Außer den bekannten Flügen britischer Diplomaten in Augenblicken höchster Gefahr, in Krisen, die entstanden waren, weil man das deutsche Volk auf einen zu engen Raum zusammengepreßt hatte, machte die demokratische Staatskunst keinen ernstlichen Versuch, die Ursachen der drohenden Explosion zu beseitigen. Sie schlug im Gegenteil all die verschiedenen Abrüstungsvorschläge Deutschlands in den Wind, Vorschläge, die von der Geschichte verzeichnet sind und nicht abgeleugnet werden können. Deutschland hatte schwerwiegende Gründe zu Beschwerden über seine Beschränkung auf zu engem Raume ohne ausreichende Rohstoffquellen. Verstand und Gerechtigkeit verlangen, daß wenigstens der Versuch gemacht werde, diese Beschwerdegründe zu beseitigen. Auch wenn man den Verdacht hatte, daß Deutschland in Wirklichkeit nicht die Wohlfahrt seiner Bevölkerung, sondern Weltherrschaft anstrebte, hätte kein Versuch einer friedlichen Regelung unterlassen werden dürfen. Gleichzeitig mußte freilich die gewonnene Zeit benutzt werden, die ungeheuren industriellen Machtmittel so auszubauen, daß die Rüstung der drei Westmächte jede Angriffsabsicht Deutschlands - falls sie tatsächlich bestehen sollte - im Keim ersticken konnte. Wäre es dennoch zu einem Krieg gekommen, dann hätte er dank der Rüstungsübermacht der westlichen Verbündeten nicht annähernd so lange gedauert und nur einen Bruchteil der Opfer an Menschenleben und Kulturwerten verursacht, die der Zweite Weltkrieg, dieses Ergebnis langhingeschleppten Wirrwarrs, das die Demokratien Politik und Vorbereitung nannten, erforderte.

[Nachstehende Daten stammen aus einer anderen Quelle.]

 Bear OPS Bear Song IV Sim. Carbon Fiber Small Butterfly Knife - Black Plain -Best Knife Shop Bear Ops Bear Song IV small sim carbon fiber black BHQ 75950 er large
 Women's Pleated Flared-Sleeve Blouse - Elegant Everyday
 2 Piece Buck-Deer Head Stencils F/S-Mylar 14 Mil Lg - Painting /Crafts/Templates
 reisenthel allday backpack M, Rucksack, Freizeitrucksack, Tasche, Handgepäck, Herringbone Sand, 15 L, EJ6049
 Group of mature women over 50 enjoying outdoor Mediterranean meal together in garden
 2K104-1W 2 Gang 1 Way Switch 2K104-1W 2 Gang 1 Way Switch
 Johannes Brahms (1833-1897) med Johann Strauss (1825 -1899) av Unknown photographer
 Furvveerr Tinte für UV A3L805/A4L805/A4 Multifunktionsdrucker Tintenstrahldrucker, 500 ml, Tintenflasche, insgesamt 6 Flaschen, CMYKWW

Der Verfasser ist jedoch heute genau so wie damals davon überzeugt, daß ein ehrliches Bemühen um einen Ausgleich Erfolg gebracht hätte, und daß die freie und natürliche Einigung Großbritanniens und Deutschlands Europa und der Welt zum Vorteil gereicht hätte."


2. Robert Boothby, der englische Vertreter in Straßburg, in Europa vor der Entscheidung:

"Deshalb war unser Erstaunen groß, als Chamberlain uns am 31. März von unserem bedingungslosen und einseitigen Garantieversprechen an Polen in Kenntnis setze. Ich war damals und bin noch heute der Auffassung, daß dies mangels eines festen Bündnisses mit Rußland ein Akt des Wahnsinns war, denn wir gaben damit ein weitgehendes Versprechen, bei dem von vornherein feststand, daß wir es nicht halten konnten. Lloyd George stellte sofort die Frage, ob der Generalstab seine Zustimmung dazu gegeben habe, daß wir uns zur Verteidigung eines Landes verpflichteten, welches völlig unerreichbar für uns sei. Er bekam keine Antwort.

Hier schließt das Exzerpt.